TASK MATERIAL -
· · · · · · ·

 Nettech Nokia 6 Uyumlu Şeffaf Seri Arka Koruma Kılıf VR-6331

· · · · · · ·

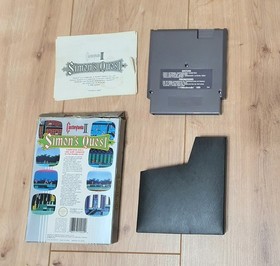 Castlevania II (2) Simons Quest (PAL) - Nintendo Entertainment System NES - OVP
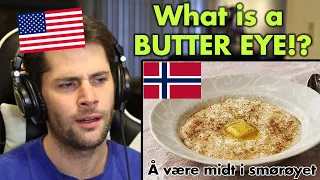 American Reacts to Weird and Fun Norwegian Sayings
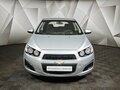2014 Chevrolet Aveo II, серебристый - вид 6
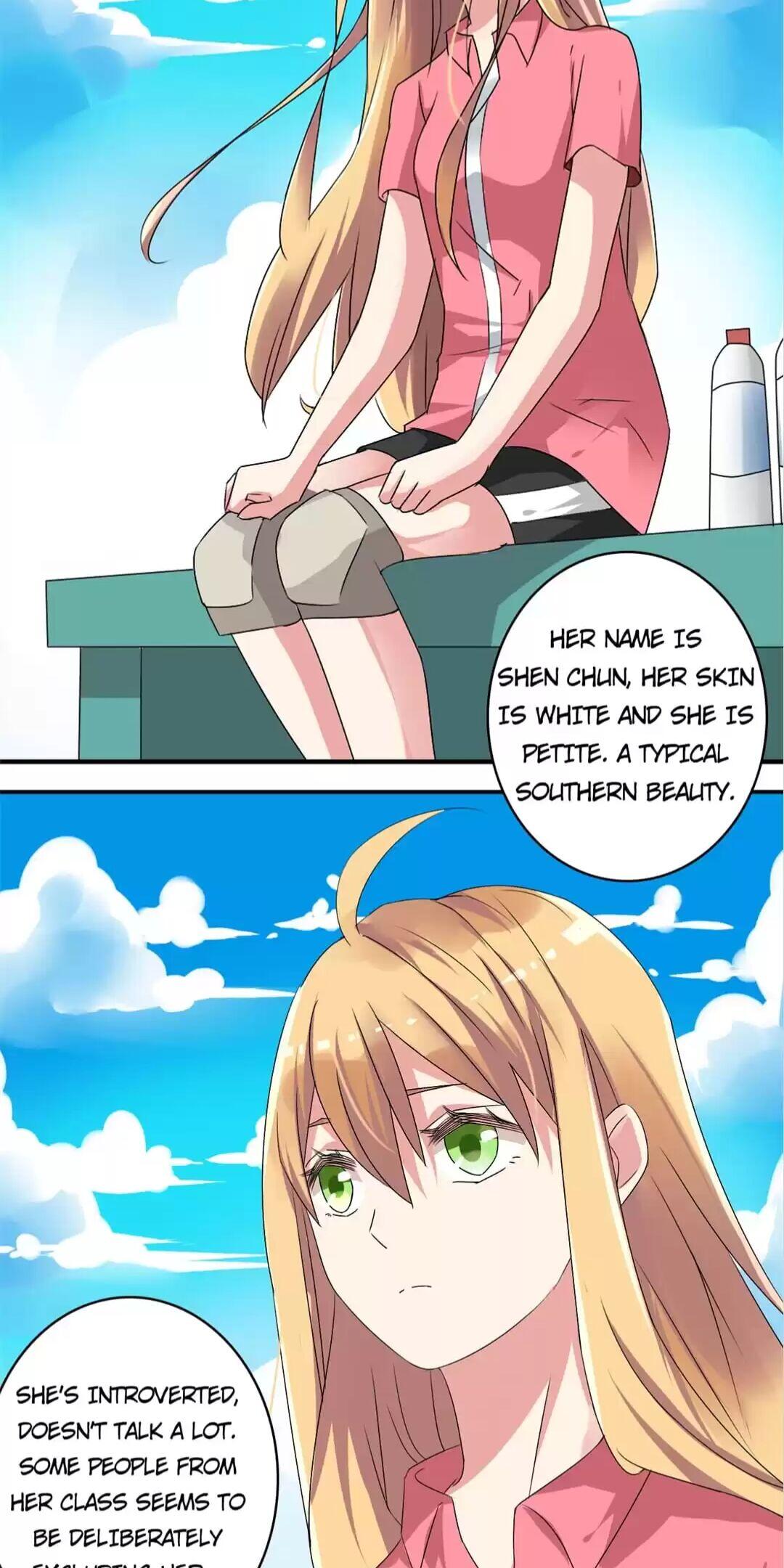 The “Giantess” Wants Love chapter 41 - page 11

· · · · · · ·

TASK PROMPT -
What is needed is an exact copy of the lines above, from the one holding "Castlevania II (2)" down to the one holding "41 - page 11", with those two included and the pictures left out.

SOLUTION FOR THIS EXERCISE -
 Castlevania II (2) Simons Quest (PAL) - Nintendo Entertainment System NES - OVP
 American Reacts to Weird and Fun Norwegian Sayings
2014 Chevrolet Aveo II, серебристый - вид 6
 The “Giantess” Wants Love chapter 41 - page 11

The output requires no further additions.